Our research on collaboration has included expanding formal models of collaboration to handle uncertainty about partners’ plans and, as illustrated in figure 6, deciding when to communicate with them (Kamar, Gal, and Grosz 2009a); developing models and algorithms for efficient decision making under uncertainty and using them to analyze people’s perceptions of the value of interruptions (Sarne and Grosz 2007; Kamar, Gal, and Grosz 2009b); and devising methods for learning about reputation (Hendrix, Gal and Pfeffer 2009). We have applied some of these ideas to the design of a collaborative interface for educational software (Gal et al. 2012).

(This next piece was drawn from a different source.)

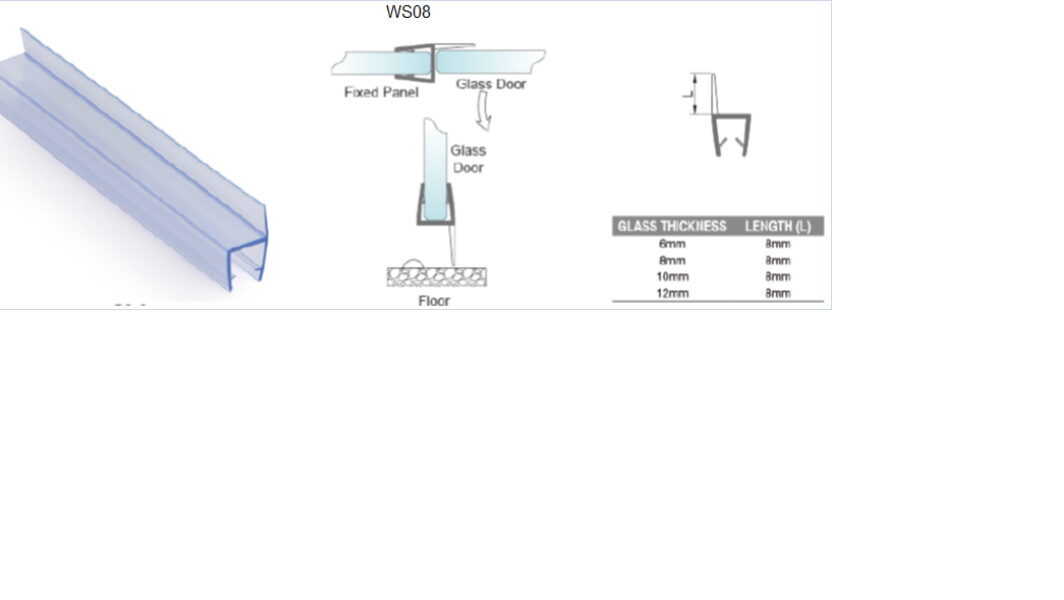 Akrila blīvprofils 8mm stiklam 2.2m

Our research on computer decision making informed by people’s behavior has examined the ways in which people’s decision making changes when they are in groups and when they are interacting with computer systems (Gal et al. 2010, Van Wissen et al. 2012), the use of emotion expressions to increase perceptions of trustworthiness (Antos et al. 2011), and the use of emotionlike operators to improve computer decision making (Antos and Pfeffer 2011).
With all this in mind, here’s my proposal for the question Turing might pose now:
Is it imaginable that a computer (agent) team member could behave, over the long term and in uncertain, dynamic environments, in such a way that people on the team will not notice it is not human.
Several properties of this test are worth noting. It shares with Turing’s original test that it does not ask a machine to appear like a human. It furthermore does not ask that the computer system act like a person or be mistaken for one. Instead it asks that the computer’s nonhumanness not hit one in the face, that it is not noticeable, and that the computer act intelligently enough that it does not baffle its teammates, leaving them wondering not about what it is thinking but whether it is. This test differs from Turing’s in allowing for incremental development and testing. Systems can start with simple group activities and advance to more complex ones. They can almost pass and adapt to do better. One can devise intermediate measures of accomplishment.
It is worth noting that advances beyond those in Siri, Watson, and Deep Blue (to take three of the most visible AI successes) are required to meet this challenge. Systems will need models of their teammates’ knowledge, abilities, preferences, and more. They will need to figure out how to share information appropriately (what with whom and when). They will need to manage plans and recover from errors. And much more.
Turing ends his paper by saying (Turing 1950, 430), “We can only see a short distance ahead, but we can see plenty there that needs to be done.” That remains true today. I invite readers to conjecture and design their own new “Turing questions” to set new visions.